Reading Shadowrun 1st Edition

I don't know much about Shadowrun - I read bits and pieces here and there, ran four different short campaigns using a variety of systems because the official rules are insane. Anyways, working on Shadowrun stuff, I decided to read the whole 1E book, not skimming anything, and write down my thoughts and comments, like they used to do on RPG.net back in the days (maybe they still do?)

Dust off your copy and read alongside me so that you can tell me how much I'm wrong/misunderstanding stuff in the comments.

Oh, and of course this is going to be a mess I'm not writing an essay or anything. I'll just be taking notes as I go through the text. Here's the Introduction Chapter, which is some flavor fiction and the basics of the setting, mostly expressed through a summary of the major historical points since the early 90s.

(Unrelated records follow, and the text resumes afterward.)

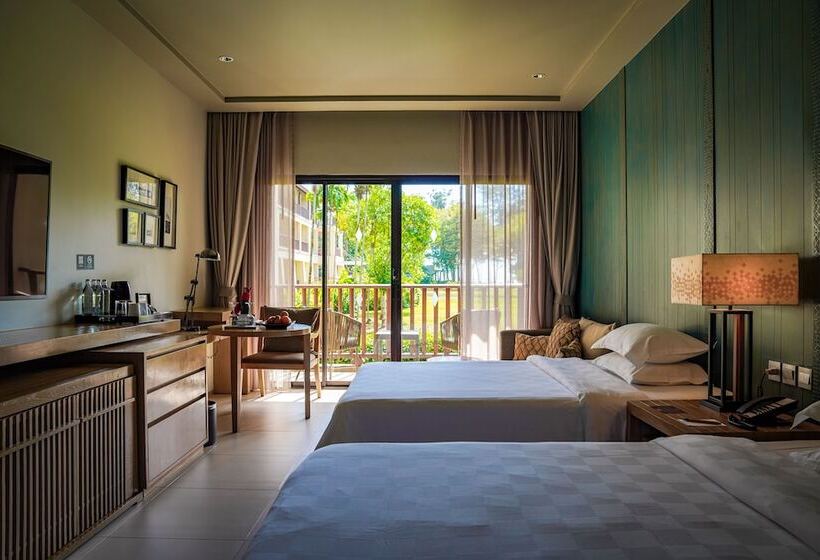 Номер Deluxe, Dusit Thani Krabi Beach Resort   Sha Extra Plus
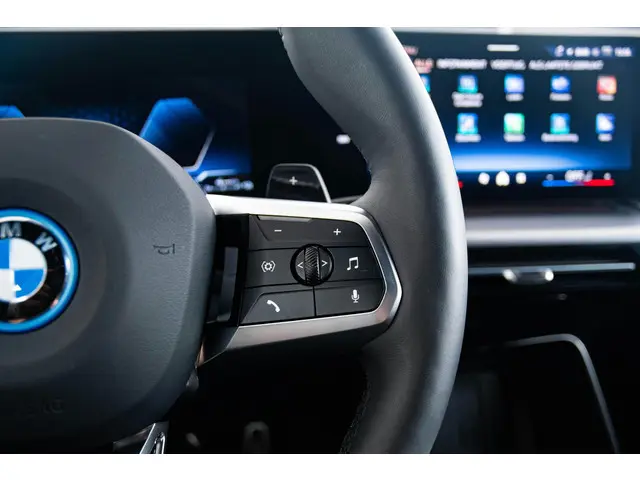 BMW X1 xDrive25e 2025 Hybride Benzine 38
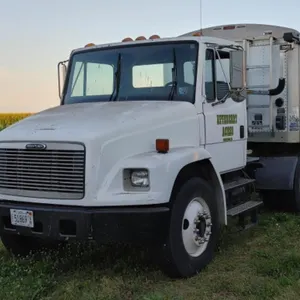 2001 Freightliner FL70 Semi Truck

• I love that cover. Anyone with taste knows this cover is great. Moving on.

• Interestingly, Deckers were also called Technomancers back then. It's right in the first introduction pitch that tells you what the game is about (first the setting, then who you play as). Not to be confused with 3E Technomancers, who became 4E Otakus, and then Technomancers again in 5E.

• The three main "classes" are Technomancers, Street Samurai and Mages.

• What's a magesword? One of the characters in the opening story has one.
That sounds cool! I want one. Maybe people had more medieval weaponry in 1E and it just went away as the game evolved. But I'm all about the raw, vintage stuff, so this is my jam.

• Sasquatches play drum and bass in clubs! I thought they were treated as monsters back in 2050! Maybe it's like a variant of Troll and FASA just assumed there were more than the standard versions of each race and just didn't feel the need to specify them all. Maybe you can be a pixie! (EDIT: after checking, turns out they were accepted as a sentient species in 2042!)

• Some Elves talk like they're out of the magical woodlands of Brocéliandre, I swear. "The ice will not concern us, Sweet Lady Tsung. I have the key that will unlock the castle gates. [...]" Then he calls her Lady Fair. I think that's pretty fun. Not sure how it works, culturally, but fun.

• Also Shadowrunners are damned paranoid. There's no such thing as a party. You don't ask questions that you don't need answered and you're constantly bidding and testing each others to keep your street cred.

• Three PCs - one Elf Decker, one Mage or Shaman (I'm betting on Mage) and one Street Samurai. Also, the Elf has no human cultural/ethnicity background in his description, the lady I think is of some asian descent, and the samurai is a native.

• They all have their own bike, which fit their personnalities.

• Damn, "Trog turf" - Orks and Trolls are in ghettos but they're also like, nearly monsters or something? Or is it like, casual racism implied in the writing?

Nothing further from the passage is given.